Marie Harf, a spokeswoman for the U.S. State Department, said U.S. intelligence officials have yet to confirm the killer's identity on the video showing the killing and continue to work the case.
"We're not in a position to say exactly who the man in the video is yet, but we are actively working with our British counterparts to determine that every day," Harf said. "There are a variety of ways to do this, and we're putting the full force of our resources behind that effort now."
British intelligence agencies MI5 and MI6 identified the killer and named Abdel-Majed Abdel Bary, 24, as a key suspect, The Sunday Times reported, citing unnamed officials. Abdel Bary, also known as L Jinny or Lyricist Jinn in London, left a budding music career that included appearances on BBC Radio in 2012, several British newspapers reported.
British intelligence is using voice recognition technology to identify the man in the video who stood over Foley and spoke in a distinct London accent, Peter Westmacott, the British ambassador to Washington, told CNN. Westmacott said the suspected British national and other Westerners fighting with the Islamic State militant group represent a growing danger if such jihadists return from the front and engage in terrorism.
The suspect's father, Adel Abdul Bary, was extradited in 2012 from the United Kingdom to the United States to face charges that he participated in al-Qaeda's 1998 attacks on two U.S. embassies in east Africa. The elder Bary had spent years in Egyptian prisons and was allowed to enter Britain as a political refugee. He was considered one of Osama bin Laden's closest lieutenants, TheGuardian newspaper reported. He has pleaded not guilty and is scheduled to stand trial in November in federal court in Manhattan. One of his two co-defendants, Abu Anas al-Libi, was seized in October by U.S. special operations forces outside his home in Tripoli, Libya.
The younger Bary caused a stir earlier this year after he posted a photo of himself in Syria holding aloft a severed head, according to The Independent.
In last week's video, Foley's killer said the Islamic State was killing the journalist, who was abducted two years ago in Syria, to punish the U.S. for airstrikes targeting the militant group in Iraq. He said a similar fate awaits Steven Joel Sotloff, a photojournalist and former University of Central Florida student who is also being held, if the U.S. strikes continue.
On Sunday, another kidnapped American journalist was released. Peter Theo Curtis, 45, who writes under the name Theo Padnos, had been held by the al-Nusra Front, a branch of al-Qaeda in Syria.

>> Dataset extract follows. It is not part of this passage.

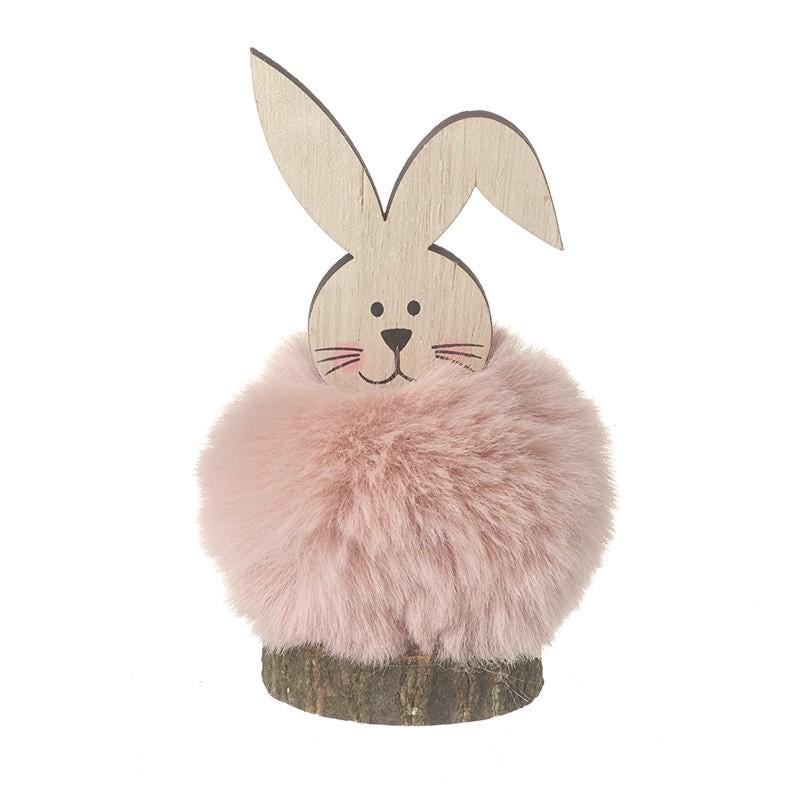 Fluffy Easter Bunny Rabbit Pom Pom Ornaments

The British newspapers document the change in Abdel Bary's lyrics, from discussing drug use, violence and worries about deportation to Egypt, to anger at peers who go clubbing and at authorities for arresting his father.

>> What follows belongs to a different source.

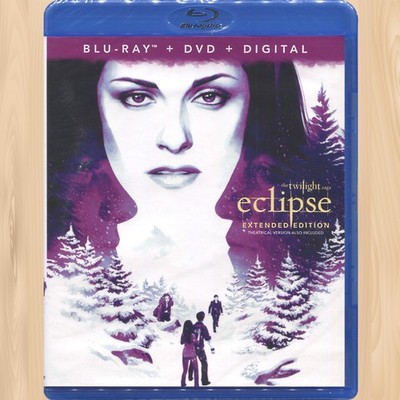 The TWILIGHT Saga ECLIPSE Extended Edition 3-DISC Blu-ray + DVD Nikki Reed  0122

Early songs from 2012 apparently refer to marijuana — "roll up and watch the leaves ignite" — and to making ends meet while dealing with a troubled past, according to The Independent.
"It's hard to progress in the future with a damaged past, but still I try to count my blessings and I thank Allah," he rapped in 2012. "I'm trying to change my ways, but there's blood on my hands and I can't change my ways until there's funds in the bank."

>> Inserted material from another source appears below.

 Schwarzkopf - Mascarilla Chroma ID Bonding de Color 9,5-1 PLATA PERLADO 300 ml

In his most recent rap, posted to YouTube in March, he talks of killing police.
"Give me the pride and the honor like my father, I swear the day they came and took my dad, I could have killed a cop or two," Bary said. "Violate my brothers and I'm filling you with lead."
The man in the beheading video is one of hundreds of militants from the U.K. and other Western nations prepared to kill and die for the radical Islamic State group that has conquered much of Iraq and Syria and is battling with both country's governments while imposing draconian and brutal rule in the territory they control.
About 500 British citizens are believed to have traveled to fight with the radical religious group in Syria and Iraq, and many others have traveled from other countries, said Mia Bloom, an expert on suicide terrorism at University of Massachusetts at Lowell.
All Western countries are worried about these people coming home, Bloom said.